_TASK GOAL_: Exactly reproduce the lines from the one containing "Photo showing: Photograph" through the last line of the data, both ends included, leaving out pictures.

_DATA EXTRACT_:
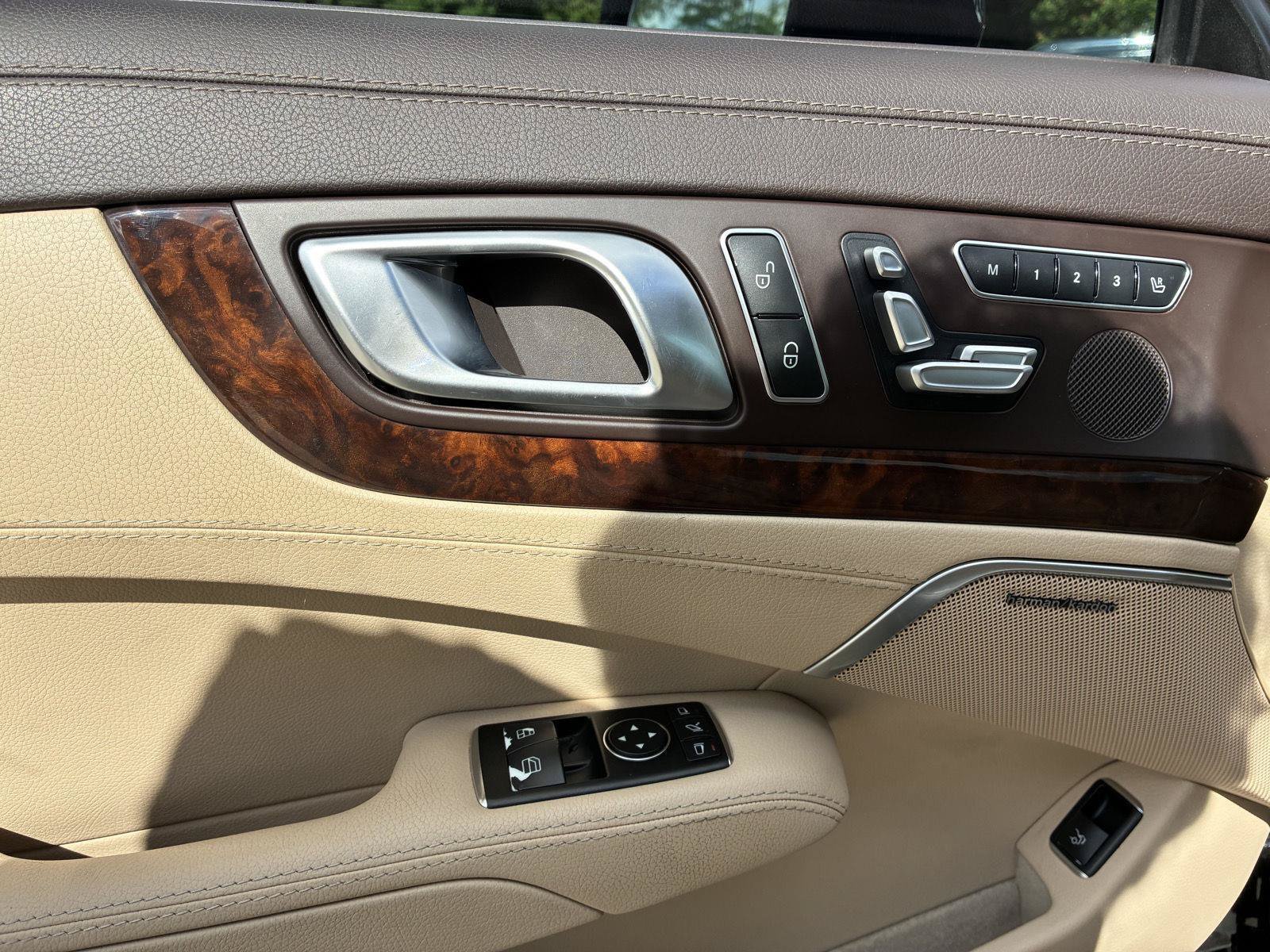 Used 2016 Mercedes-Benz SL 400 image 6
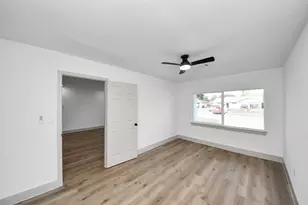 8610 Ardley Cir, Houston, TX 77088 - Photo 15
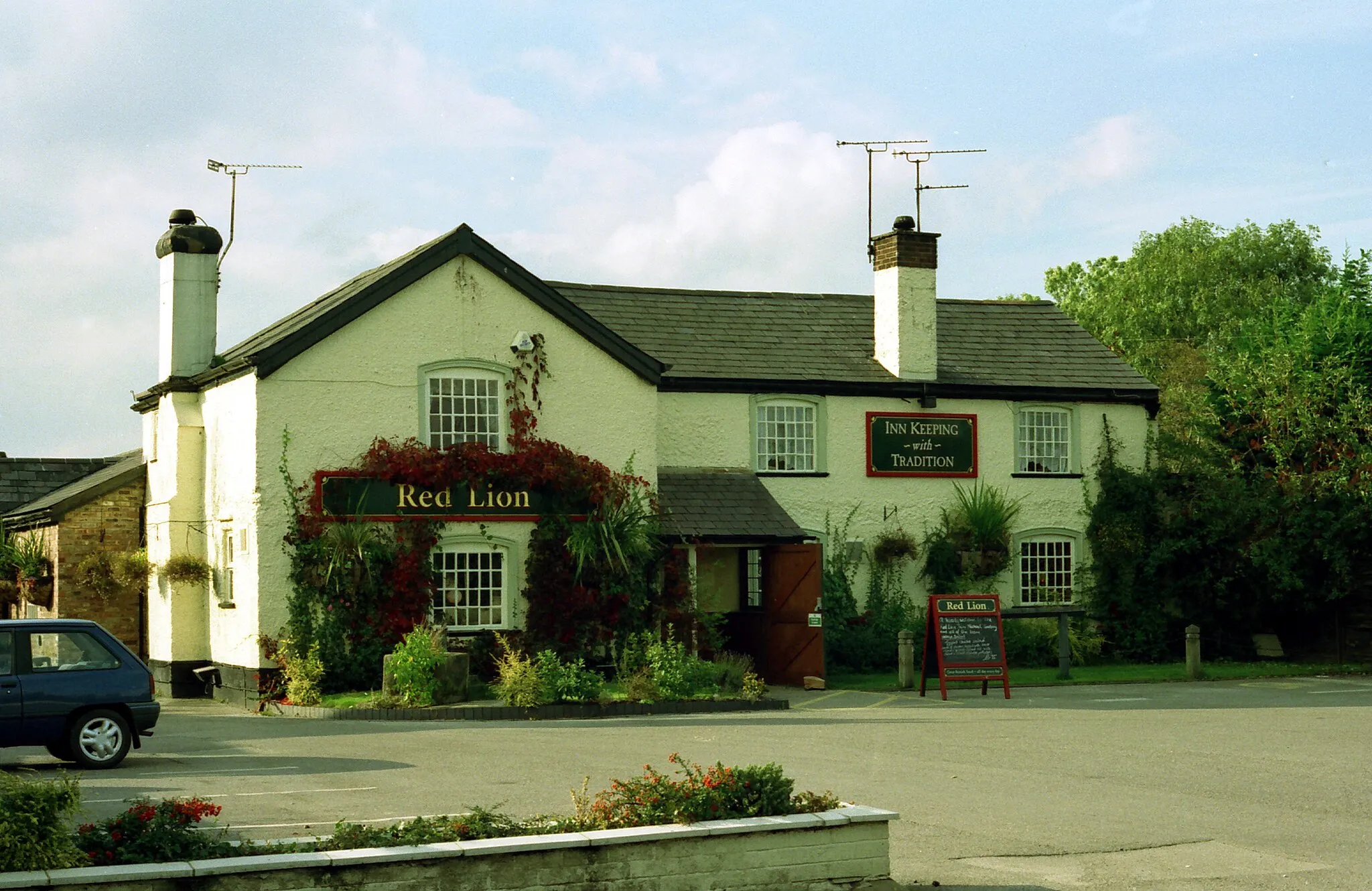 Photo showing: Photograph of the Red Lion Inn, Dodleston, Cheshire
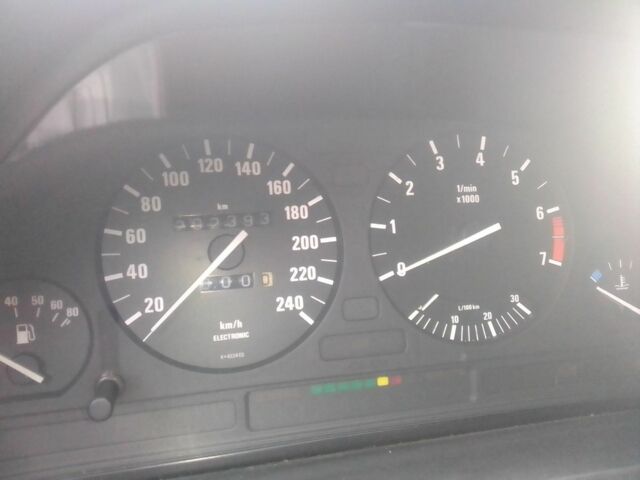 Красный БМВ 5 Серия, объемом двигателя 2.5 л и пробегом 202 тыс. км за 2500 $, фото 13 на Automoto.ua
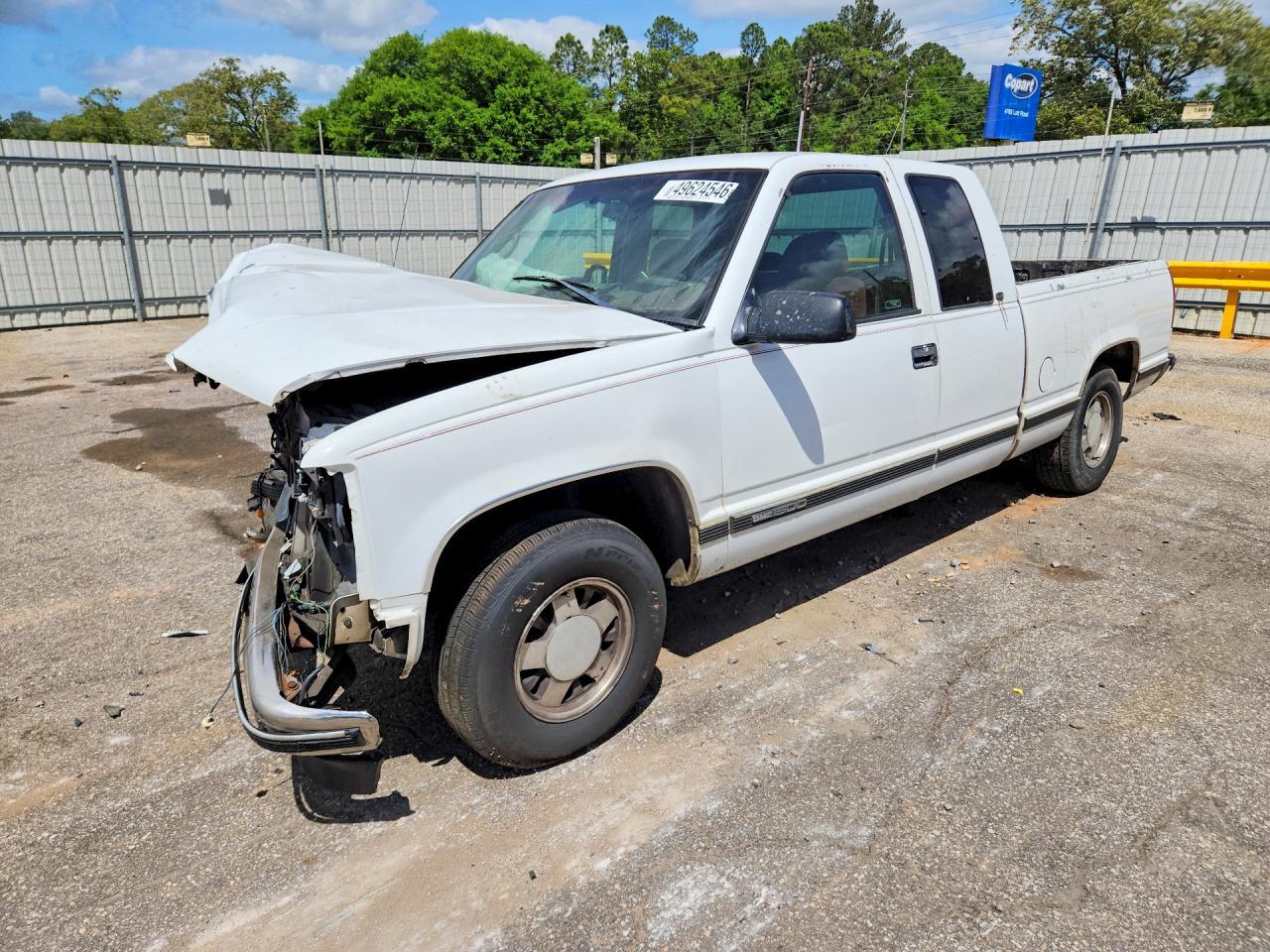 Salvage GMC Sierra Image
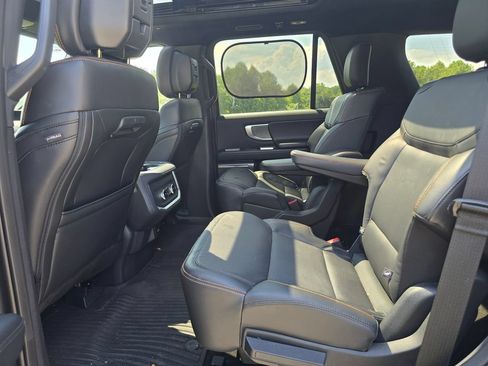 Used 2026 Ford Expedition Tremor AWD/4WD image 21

_ANSWER TO THIS PROBLEM_:
 Photo showing: Photograph of the Red Lion Inn, Dodleston, Cheshire
 Красный БМВ 5 Серия, объемом двигателя 2.5 л и пробегом 202 тыс. км за 2500 $, фото 13 на Automoto.ua
 Salvage GMC Sierra Image
 Used 2026 Ford Expedition Tremor AWD/4WD image 21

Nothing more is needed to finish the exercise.